Between 1988 and 1991 over 1,000 S&L institutions failed, putting out of
business approximately one-third of all the S&Ls in the United States. The
Federal Savings and Loan Insurance Corporation (FSLIC), the agency responsible
for insuring deposits at S&Ls, ran out of money to redeem insured deposits
at these institutions. In effect, the S&L collapse bankrupted the FSLIC.
During the 1970s, a period of rising inflation in the United States, S&Ls
faced strict legal limits on the interest rates that depositors could earn on
S&L deposits. S&Ls paid low interest rates on deposits and made
relatively low interest loans on home mortgages.
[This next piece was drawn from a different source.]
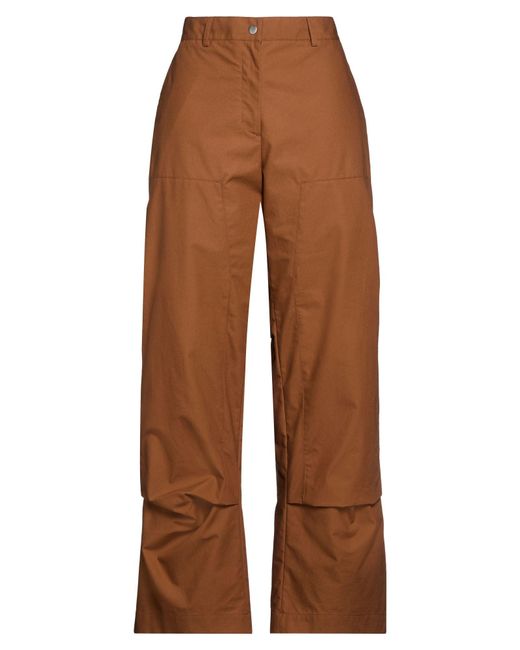 Jil Sander Brown Pants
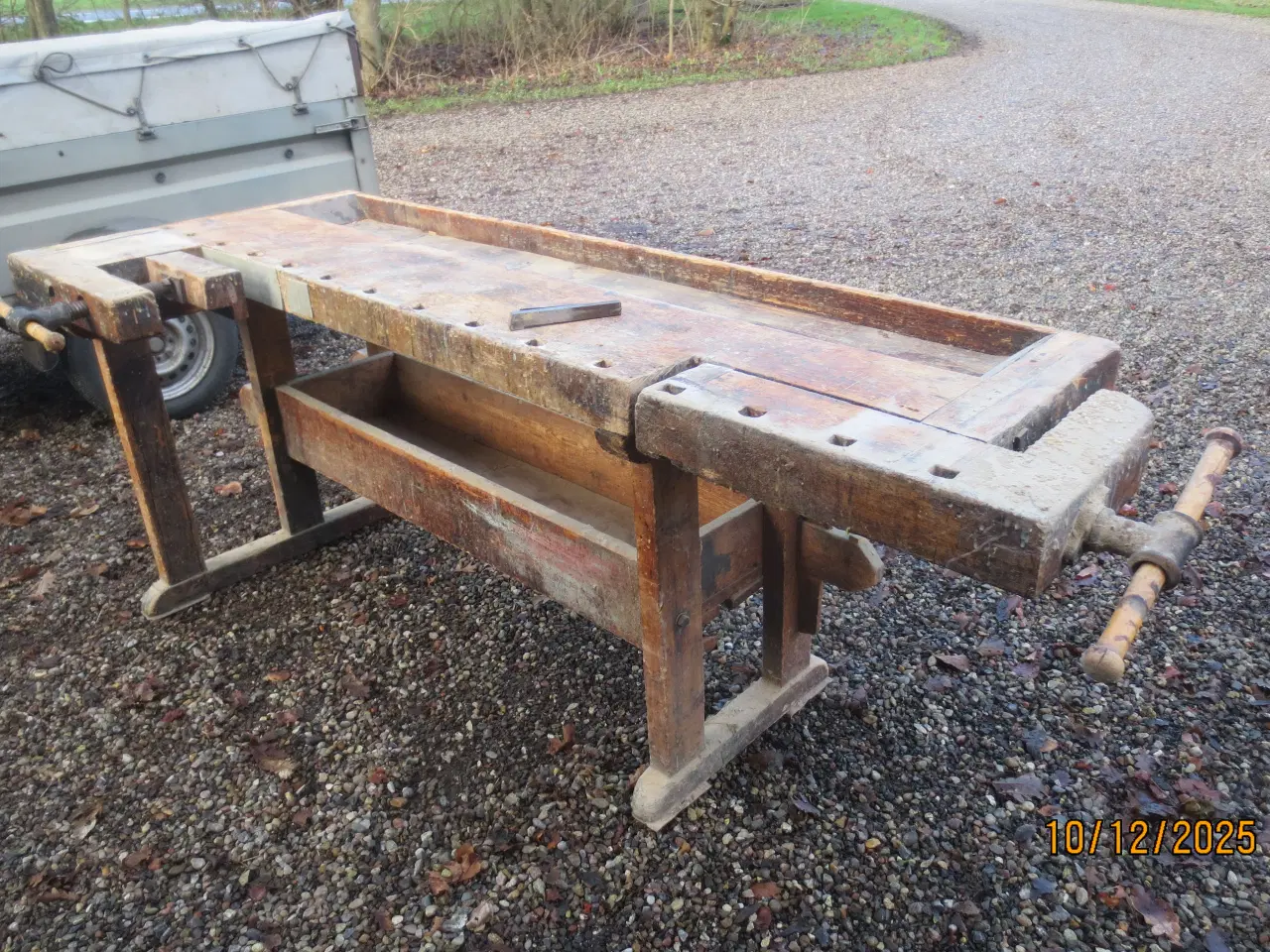 Billede 1 - 1 stk Rigtig Snedker Høvlebænk med Jernspindler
During the 1980s the United States economy made the transition from an
inflation economy to a disinflation economy, and the S&L industry also
changed from a highly regulated industry to a deregulated industry. The
deregulation of the S&Ls lifted the interest rate ceilings of S&L
deposits, and allowed S&Ls to enter the business of consumer and commercial
loans. Interest rates escalated rapidly in the early 1980s under the pressure of
a tight, anti-inflation, monetary policy, squeezing S&Ls that held low
interest mortgages while paying high interest rates on current deposits.
Savings and loans tried to save themselves by turning to riskier consumer and
commercial loans that paid higher interest rates. When depression struck in the
oil and real estate industry in the last half of the 1980s, S&Ls began to
fail rapidly.
The S&L collapse in the United States uncovered an unsuspected weakness in deposit insurance: fully insured
depositors had no incentive to favor S&Ls with conservative investment
policies over S&Ls with risky investment portfolios. That is, depositors had
no incentive to keep track of investment practices of individual S&Ls,
allowing them a free rein to finance risky business ventures.
Another provision of the Financial Institution Reform, Recovery, and
Enforcement Act placed responsibility for insuring S&L deposits with the
Federal Deposit Insurance Corporation (FDIC), the agency that has always insured
commercial bank deposits. The FDIC is devising a plan to vary the insurance
premiums that financial institutions pay according to the riskiness of loan
portfolios. Under such a plan financial institutions that carry high-risk loan
portfolios pay higher deposit insurance premiums.